Overall, after a median of 26 months of trial follow-up, the researchers did not find significant differences between subjects in the two aspirin-dose groups with respect to the trial’s primary effectiveness endpoint (defined as the risk of death from any cause, hospitalization for heart attack or hospitalization for stroke) and primary safety endpoint (defined as hospitalization for major bleeding with an associated blood-product transfusion). Specifically, the primary effectiveness outcome occurred in 7.3% of low-dose aspirin subjects and 7.5% of regular-dose aspirin subjects. Similarly, the primary safety outcome occurred in 0.6% of subjects in each group.
A key weakness of this trial is that 42% of subjects assigned to the regular-dose aspirin group switched to low-dose aspirin shortly after randomization. These subjects likely switched because they or their doctors preferred the lower dose, given that about 85% of them had been taking low-dose aspirin before enrolling in the trial. In contrast, only 7% of subjects in the low-dose aspirin group switched to regular-dose aspirin after randomization. This imbalanced switching pattern is problematic because it could have led to underestimation of the true benefits and risks of the regular-dose aspirin.
Notwithstanding the limitations of the ADAPTABLE trial, its effectiveness finding is consistent with that from a frequently cited 2002 meta-analysis of evidence combined from multiple earlier randomized trials that was conducted by the Antithrombotic Trialists’ Collaboration. That meta-analysis found that daily low-dose (75-150 mg) aspirin was as effective as higher aspirin doses for long-term treatment for patients at high risk of serious cardiovascular events (nonfatal heart attack, nonfatal stroke or cardiovascular death).[4]
What You Can Do
If you and your doctor determine that you need to take aspirin daily for secondary prevention of cardiovascular disease, discuss this article with him or her to decide on the optimal aspirin dose for you.
Do not initiate routine aspirin use without consulting your doctor first, especially if you are already taking a blood thinner, because such use can increase your risk of bleeding and hospitalization compared with taking either drug alone. Likewise, do not discontinue routine aspirin use without medical supervision.
References
[1] Daily low-dose aspirin should not be used to prevent a first heart attack or stroke. Worst Pills, Best Pills News. July 2020. https://www.worstpills.org/newsletters/view/1344. Accessed September 7, 2021.

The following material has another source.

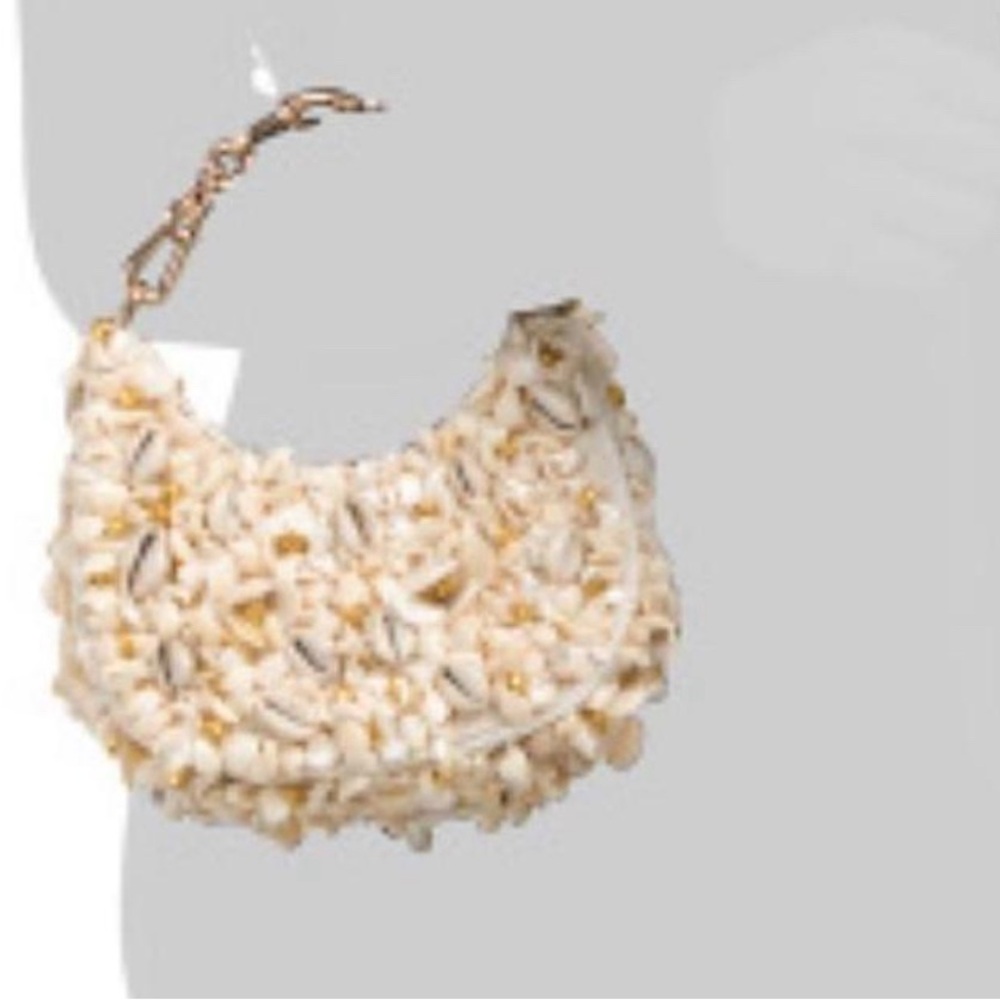 Viral Cream and Gold Seashell Embellished, Shell Handbag, NWT Made In In… - Picture 4 of 4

[2] Parker WAE, Storey RF. Aspirin dosing for atherosclerotic cardiovascular disease: should we be more ADAPTABLE? Cardiovasc Res. 2021;117(10):e123-e125.
[3] Jones WS, Mulder H, Wruck LM, et al. Comparative effectiveness of aspirin dosing in cardiovascular disease. N Engl J Med. 2021;384(21):1981-1990.
[4] Antithrombotic Trialists’ Collaboration. Collaborative meta-analysis of randomised trials of antiplatelet therapy for prevention of death, myocardial infarction, and stroke in high risk patients. BMJ. 2002;324(7329):71-86.